• WHAT IS NEEDED: In the listing below, find the line containing "CREATE/FRYER AIR PRO" and the line containing "681 Red Tail", then copy exactly everything from the first through the second, except the pictures.

• PROVIDED MATERIAL:
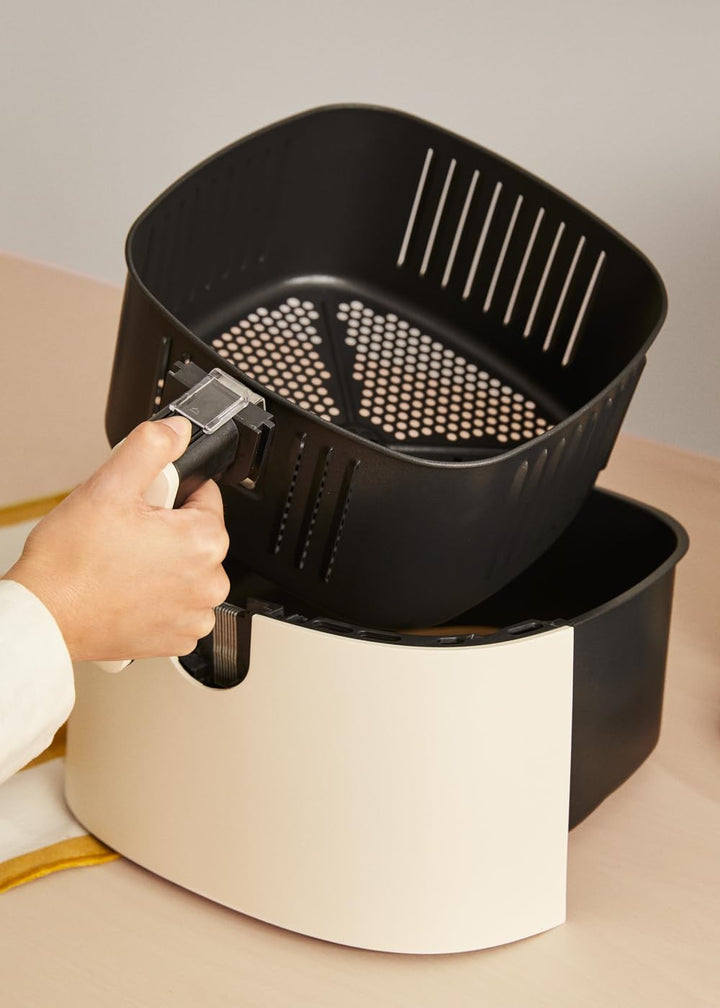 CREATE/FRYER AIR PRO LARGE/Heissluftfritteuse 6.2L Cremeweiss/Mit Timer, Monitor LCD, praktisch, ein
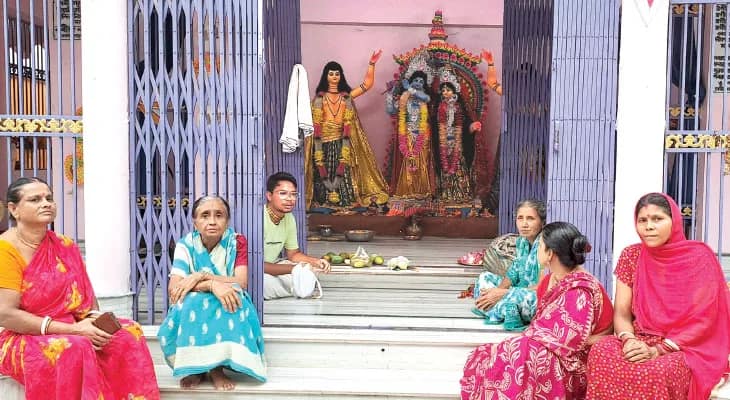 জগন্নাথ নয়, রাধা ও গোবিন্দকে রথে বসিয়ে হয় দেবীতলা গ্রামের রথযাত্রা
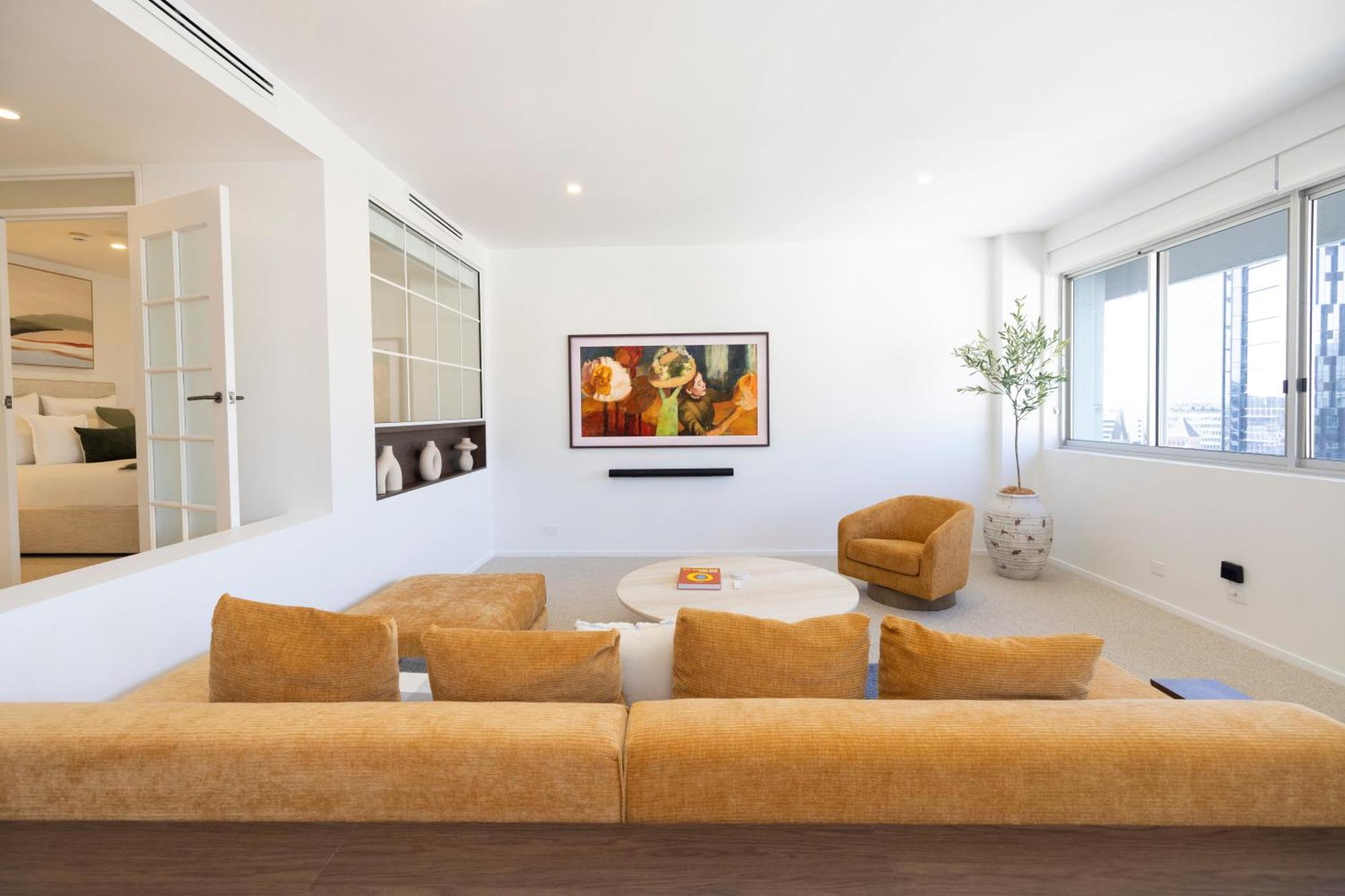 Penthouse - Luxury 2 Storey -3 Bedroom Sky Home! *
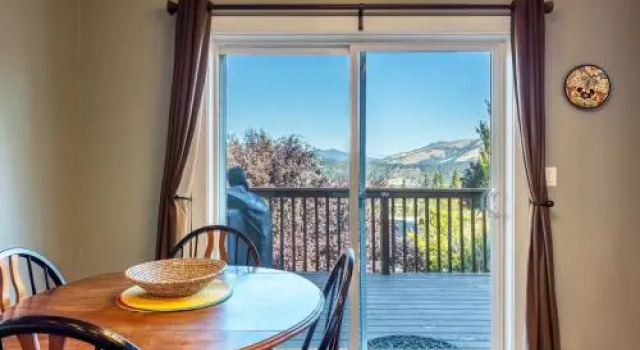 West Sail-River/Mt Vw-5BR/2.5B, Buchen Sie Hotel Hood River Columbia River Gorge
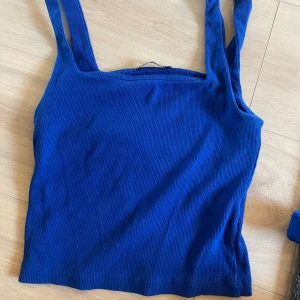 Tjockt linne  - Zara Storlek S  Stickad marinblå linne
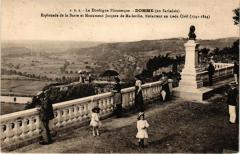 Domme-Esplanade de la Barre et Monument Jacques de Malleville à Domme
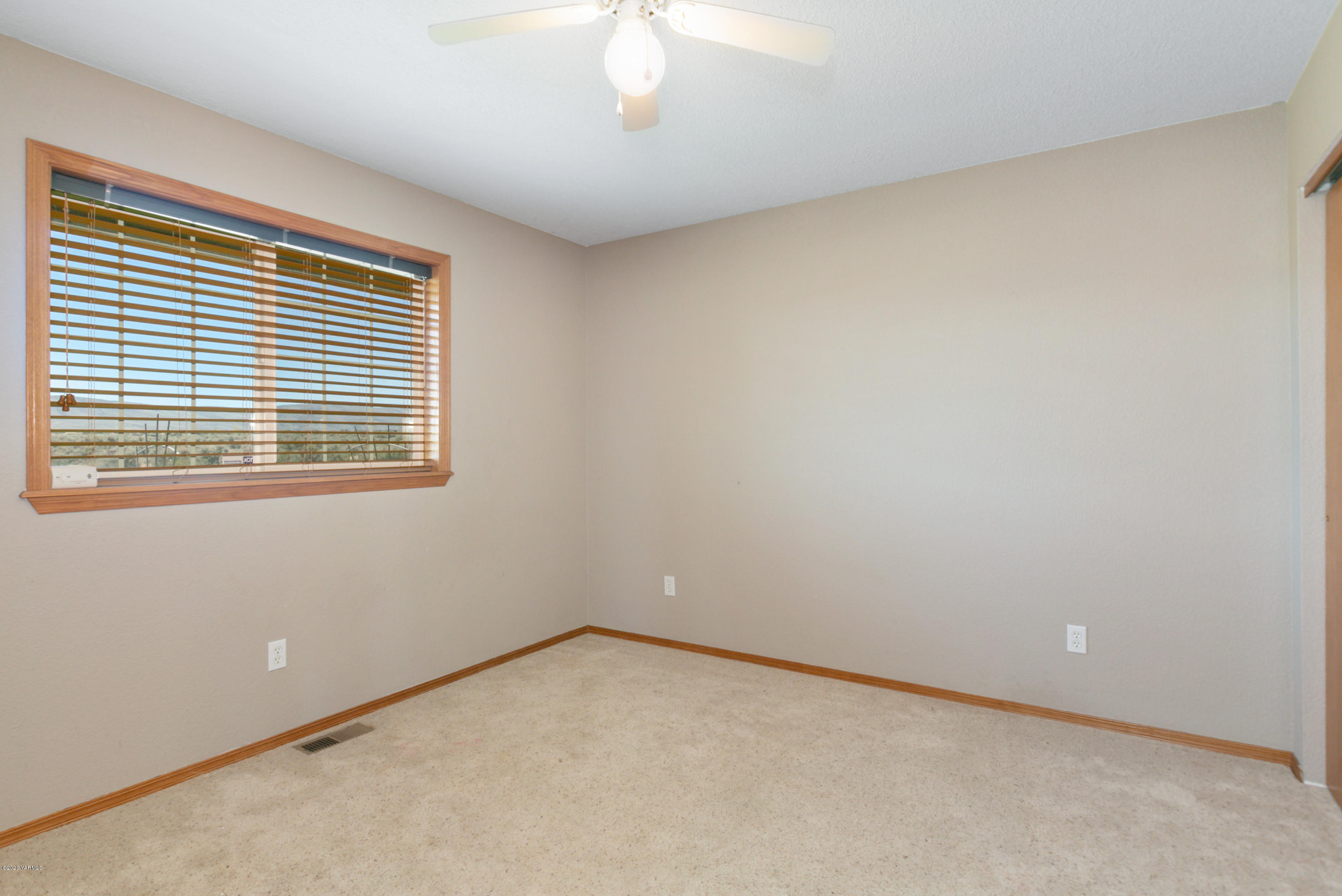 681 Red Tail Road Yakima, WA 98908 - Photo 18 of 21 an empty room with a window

==

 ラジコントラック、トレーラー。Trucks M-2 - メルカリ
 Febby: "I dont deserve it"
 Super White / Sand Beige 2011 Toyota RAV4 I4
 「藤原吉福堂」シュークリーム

• WRITTEN ANSWER:
 CREATE/FRYER AIR PRO LARGE/Heissluftfritteuse 6.2L Cremeweiss/Mit Timer, Monitor LCD, praktisch, ein
 জগন্নাথ নয়, রাধা ও গোবিন্দকে রথে বসিয়ে হয় দেবীতলা গ্রামের রথযাত্রা
 Penthouse - Luxury 2 Storey -3 Bedroom Sky Home! *
 West Sail-River/Mt Vw-5BR/2.5B, Buchen Sie Hotel Hood River Columbia River Gorge
 Tjockt linne  - Zara Storlek S  Stickad marinblå linne
 Domme-Esplanade de la Barre et Monument Jacques de Malleville à Domme
 681 Red Tail Road Yakima, WA 98908 - Photo 18 of 21 an empty room with a window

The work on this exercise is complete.